La Région de la Méditerranée orientale connaît des crises d’une ampleur et d’un degré sans précédent. Près des deux tiers des pays de la Région sont touchés directement ou indirectement par des situations d’urgence, dont quatre pays (sur un total de six au niveau mondial) connaissant des situations d’urgence « majeures » classées au niveau 3 par l’OMS et les Nations Unies : il s’agit de l’Iraq, de la Somalie, de la République arabe syrienne et du Yémen. La Région héberge aussi des pays qui connaissent des situations d’urgence prolongées, dont l’Afghanistan, le Liban, la Libye, le Pakistan, la Palestine et le Soudan. De nombreux autres pays sont touchés par des crises dans les pays voisins

Action de l’OMS

Le nombre croissant de personnes qui ont besoin de services de santé continue de mettre à l’épreuve les capacités de riposte de l’OMS et des partenaires de santé. Fin 2016, sur un total de 140 millions de personnes ayant besoin de services de santé au niveau mondial, plus de 76 millions (54 %) habitaient dans des pays de la Région qui étaient touchés directement ou indirectement par des situations d’urgence. L’insécurité actuelle et l’accès limité des travailleurs humanitaires aux personnes dans le besoin ont continué de compromettre l’action de l’OMS. En Iraq, en République arabe syrienne et au Yémen, près de 30 % de toutes les personnes dans le besoin vivent dans des zones difficiles d’accès, inaccessibles et contrôlées par l’opposition.
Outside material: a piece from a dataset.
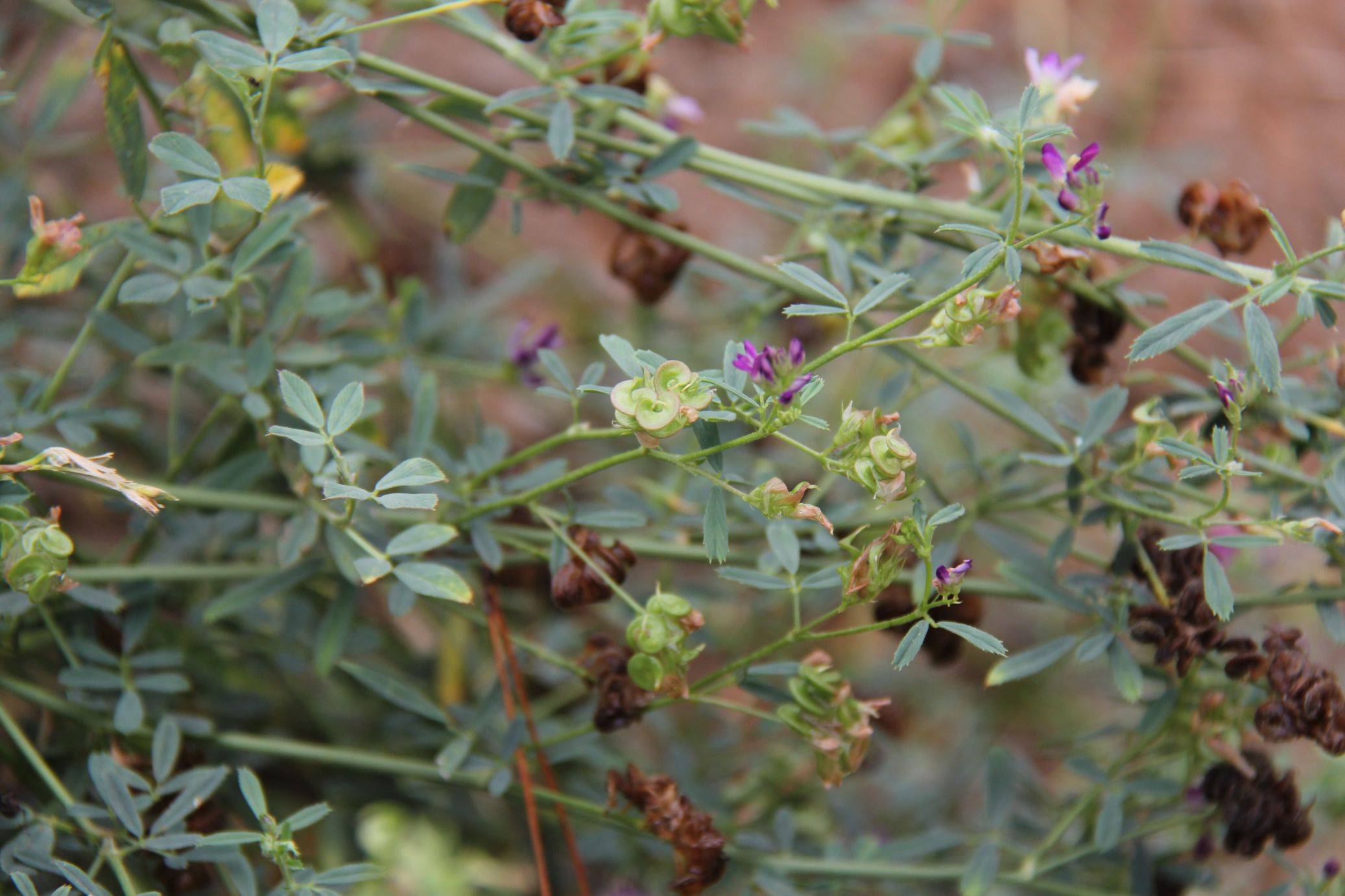 庆元植物1355-豆科-苜蓿属-紫苜蓿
Les attaques perpétrées contre les soins de santé dans la Région se sont poursuivies sans relâche. En 2016, plus de 252 attaques ont été rapportées par huit pays, ce qui représente 83 % de toutes les attaques signalées dans le monde. La République arabe syrienne demeure le pays le plus dangereux au monde pour les agents de santé, avec près de 70 % de toutes les attaques notifiées à l’échelle mondiale.

Des milliers de civils sont exposés à des risques de traumatismes chaque mois dans la Région suites à l’escalade des conflits. En République arabe syrienne seulement, plus de 25 000 personnes sont blessées chaque mois et nécessitent des soins de traumatologie. En Iraq, plus de 3000 personnes ont été blessées au cours des dix premières semaines qui ont suivi le lancement des opérations militaires à Mossoul en octobre 2016.
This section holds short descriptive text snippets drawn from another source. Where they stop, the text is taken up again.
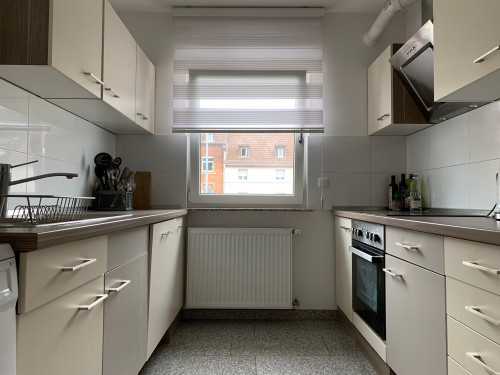 Charming Family Apartment in Mainz-Kastel/Wiesbaden with AC, Balcony, Parking, Rhine View - Gallery - 10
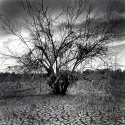 drained_lake_tree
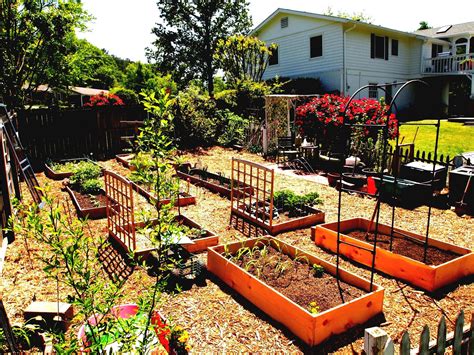 container vegetable garden layout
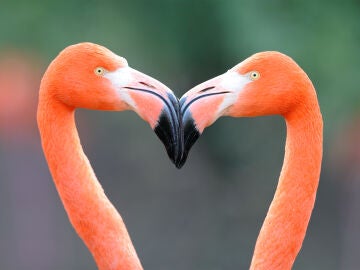 Imagen de archivo de dos flamencos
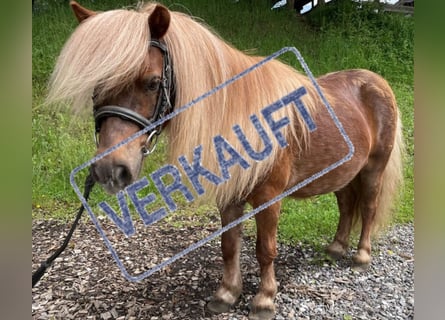 Shetland Ponys, Wallach, 10 Jahre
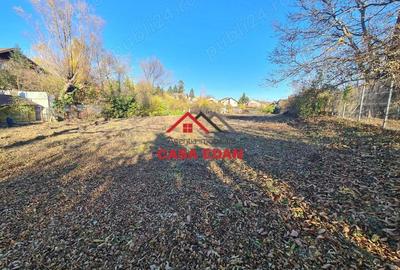 Teren intravilan in Cornu 3171 mp--89.000e - 1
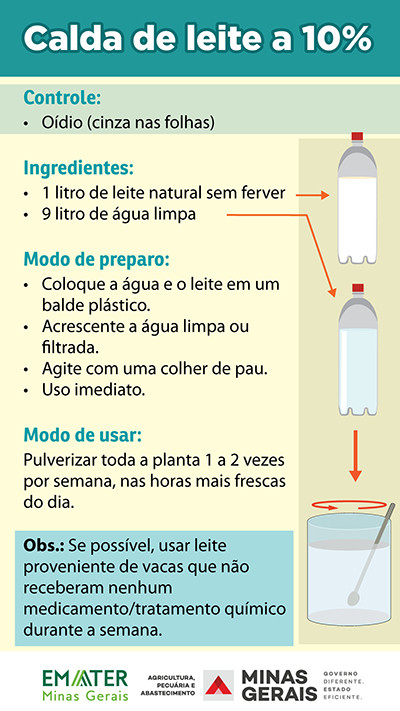 como fazer calda sulfocálcica caseira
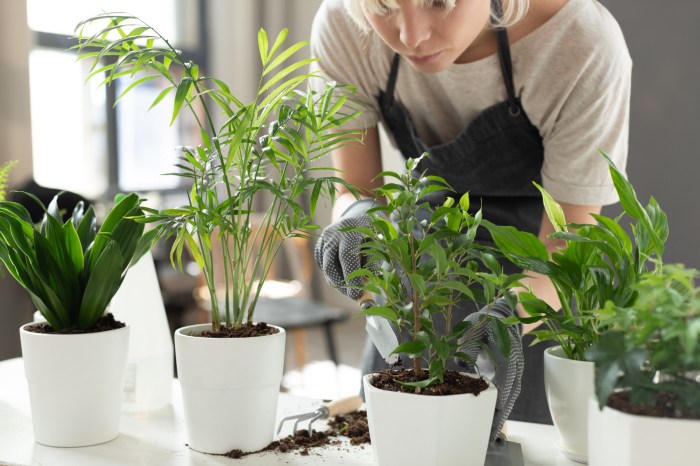 Woman tending to potted plants indoors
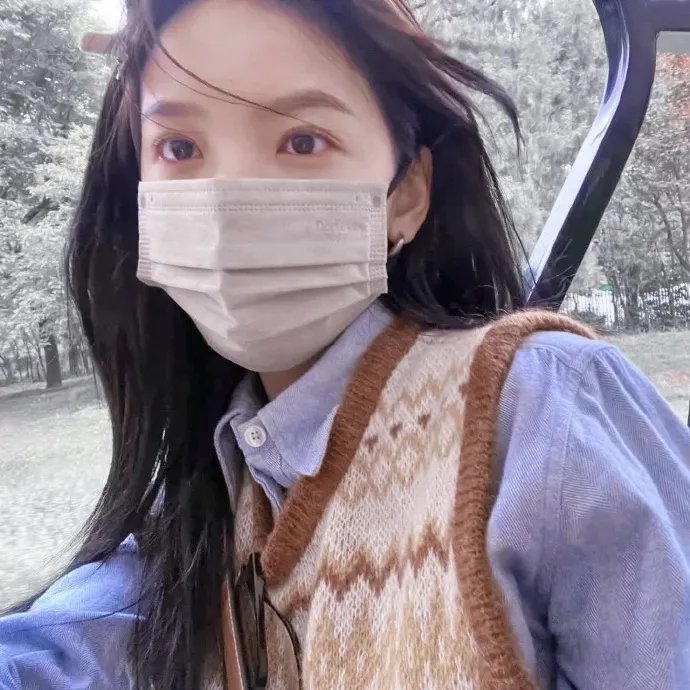 一条叫王子的狗
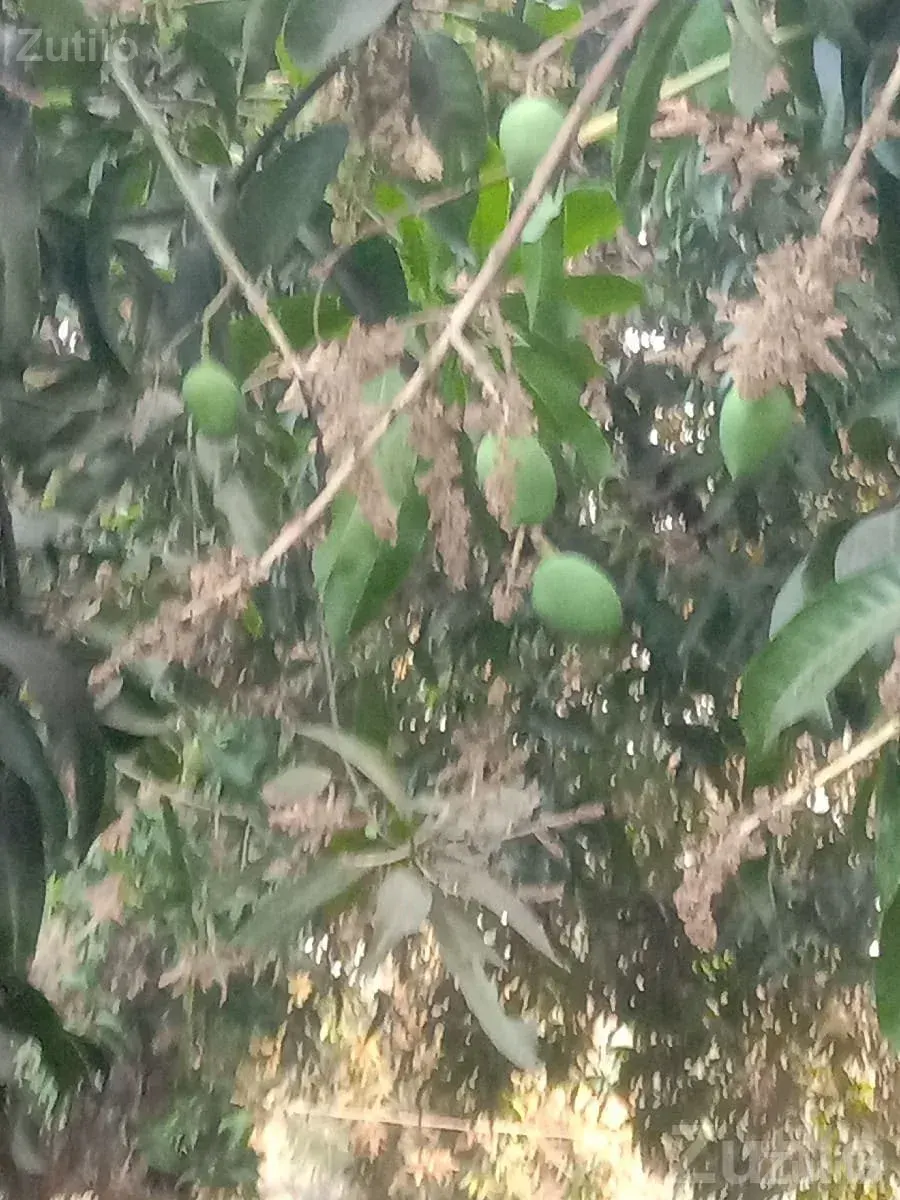 Kesar Mango Orchard Lease in Talala - જમીન અને પ્લોટ - તલાલા - Image 2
La Région supporte également la plus forte charge de populations déplacées dans le monde, avec plus de 30 millions de personnes déplacées dans l’ensemble de la Région. Plus de la moitié des réfugiés dans le monde viennent de République arabe syrienne, de Somalie et d’Afghanistan. La République arabe syrienne représente le pays ayant le plus grand nombre de réfugiés et de personnes déplacées à l’intérieur de leur pays, avec plus de 65 % de la population déplacées à l’intérieur et dans les pays voisins.

La demande de services de santé pour les populations déplacées ajoute grandement à la charge pesant sur les systèmes de santé nationaux dans la Région. Des coûts élevés pour les services, des pénuries de ressources humaines, un nombre insuffisant de médicaments et d’équipement, ainsi que la détérioration de la situation économique sont quelques exemples des nombreuses barrières auxquelles se heurtent les réfugiés recourant aux soins de santé.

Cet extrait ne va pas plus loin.